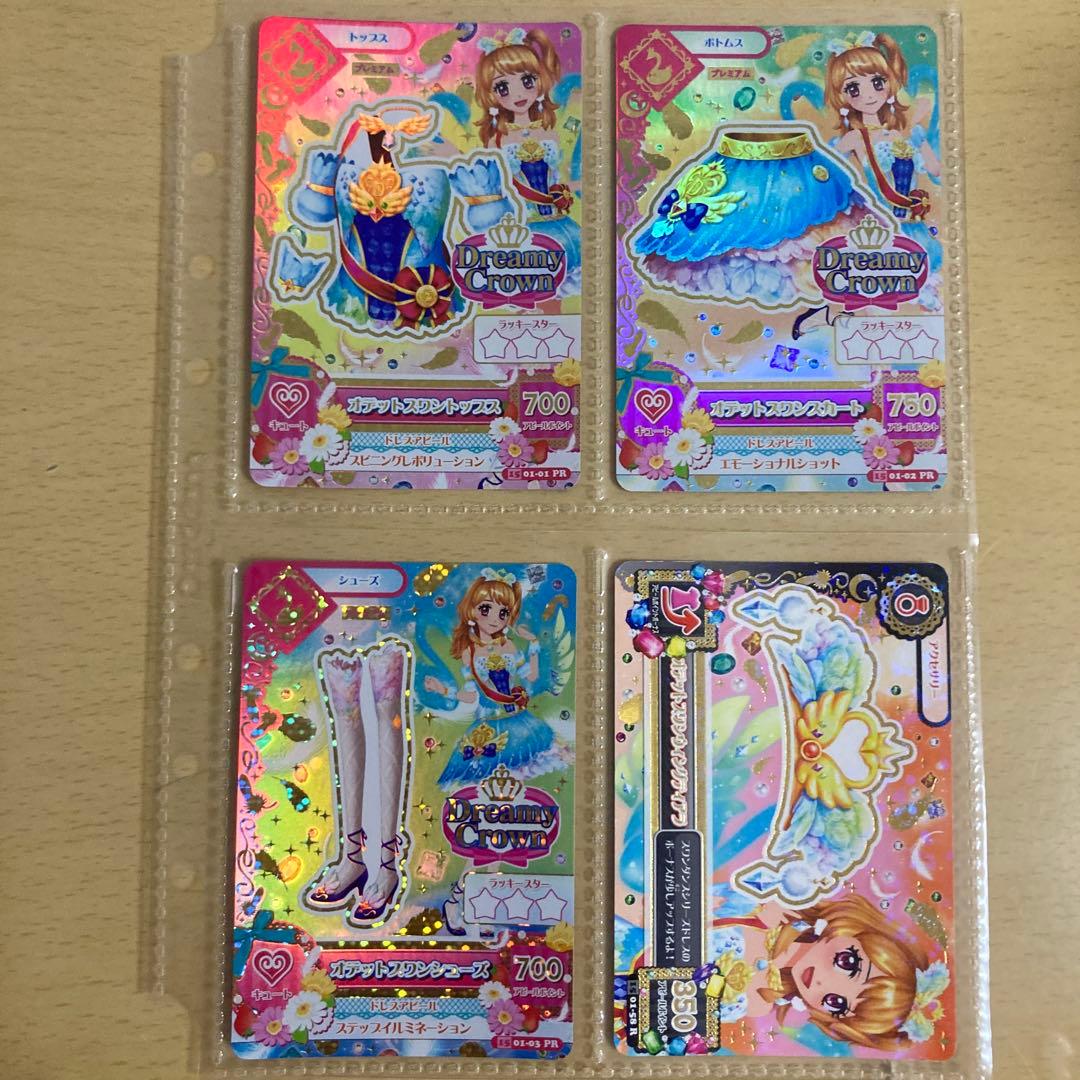 アイカツ オデットスワンコーデ 大空あかり アイカツ #アイカツコスプレ #大空あかり #オデットスワンコーデ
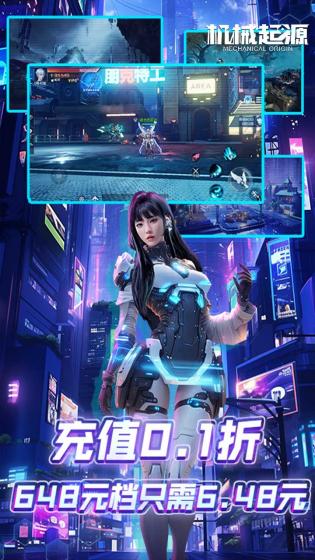 机械起源 机械起源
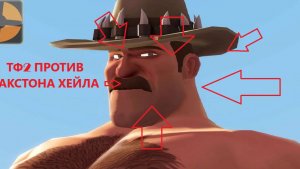 тф2 против Сакстона Хейла (без коментариев)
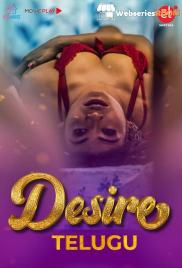 Desire Telugu MoviePlay Telugu Hot Short Film (2024) Desire Telugu MoviePlay Telugu Hot Short Film (2024)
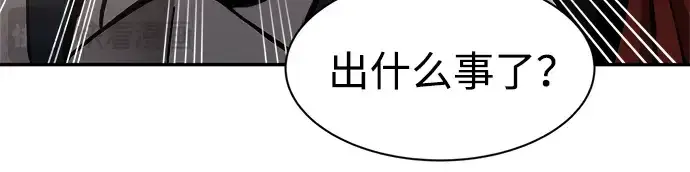 《成为塔防游戏里的暴君》第25话图91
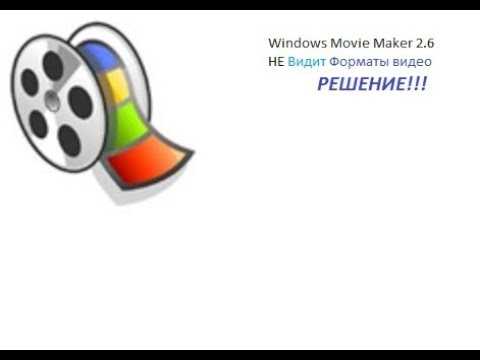 Решение проблемы с поврежденными видеок файлами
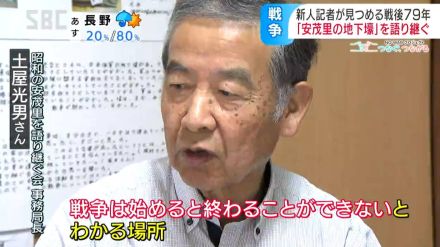 「戦争は始めると終わることが出来ないんだと分かる場所…」旧海軍が海なし県・信州に造った地下壕…当時の村長の日記の解読とともに地域の歴史を語り継ぐ住民の活動に迫る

▶ **Task instructions**:
Leave out all pictures and retype precisely the lines that run from the line containing "Desire Telugu MoviePlay Telugu Hot Short Film (2024) Desire" to the last line of the records.

▶ **Response to the exercise**:
 Desire Telugu MoviePlay Telugu Hot Short Film (2024) Desire Telugu MoviePlay Telugu Hot Short Film (2024)
 《成为塔防游戏里的暴君》第25话图91
 Решение проблемы с поврежденными видеок файлами
 「戦争は始めると終わることが出来ないんだと分かる場所…」旧海軍が海なし県・信州に造った地下壕…当時の村長の日記の解読とともに地域の歴史を語り継ぐ住民の活動に迫る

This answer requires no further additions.